Mam nadzieje , ze mi to szybko przejdzie ...
A kiedy znów przyjedzie ? A może ty do niej dla odmiany?
moja przyjedzie w poniedzialek, na 4 dni,dobre i to
No rybenka , wiem , co czujesz, ale rzeczywiscie , dobre i 4 dni.

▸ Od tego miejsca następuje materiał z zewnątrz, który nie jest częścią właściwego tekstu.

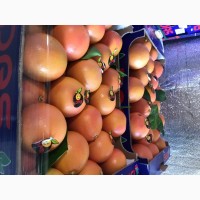 Продам грейпфрут качество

Elza , to prawda , teraz ja do niej pojade , ale az na swieta
do swiąt już własciwie blisko:)))
Witam serdecznie wszystkie Panie.
Do napisania tu na forum skłonił mnie tytuł 'jestem z tym sama'. można powiedziec, ze ja rowniez, choc do konca jeszcze nic nie wiadomo. Moze sprobuję mniej więcej opisyłac moją sytuację, a mianowicie, 2 dni temu miałam wykonywaną biopsje mammotomiczną piersi prawej, lekarka która wykonywała zabieg niestety nie była w stanie usunac calego guza, co miała na celu. powiedziała, że zleci do usunięcia reszte chirurgowi. guz ma niecałe 2 cm, był 'za twardy' jak stwierdziła. teraz mam czekac na badania hist - pat. bardzo się boję, gdyż rok temu gdy mialam wykonywane usg guz był wielkosci niecałego cm, wówczas lekarze mówili (a było ich trzech) że jestem za młoda i to na pewno nic poważnego, bagatelizowali to. gdy zgłosiłam się do CO lekarka od razu zlecila usunięcie guza, ponieważ w mojej rodzinie występowały nowotwory i jestem w grupie z podwyższonym ryzykiem.Rok temu straciłam mamę, która właśnie zmarła na raka, 5 lat temu babcię, na raka piersi właśnie. Bardzo się boję wyników i jest mi bardzo ciężko, czasami nawet nie mam z kim o tym wszystkim porozmawiac, choc wiem, ze jeszcze nic nie wiadomo, to chyba nie ma nic co sprawiloby, ze potrafiłabym sie usmiechnac... bardo serdecznie wszystkich pozdrawiam, Magdalena
Magdalenko , wiem jak Ci ciezko , ale pamietaj o jednym , cokolwiek by sie mialo okazac , to Ty sobie z tym poradzisz .
Wiem , ze latwo pisac , gorzej to zrobic , ale wierz mi ze wszystko sie ulozy i bedziesz sie jeszcze smiala :)
Nie jestes z tym sama , bo chociazby tu mozesz pisac o wszystkim, co Ci pasuje i niepasuje.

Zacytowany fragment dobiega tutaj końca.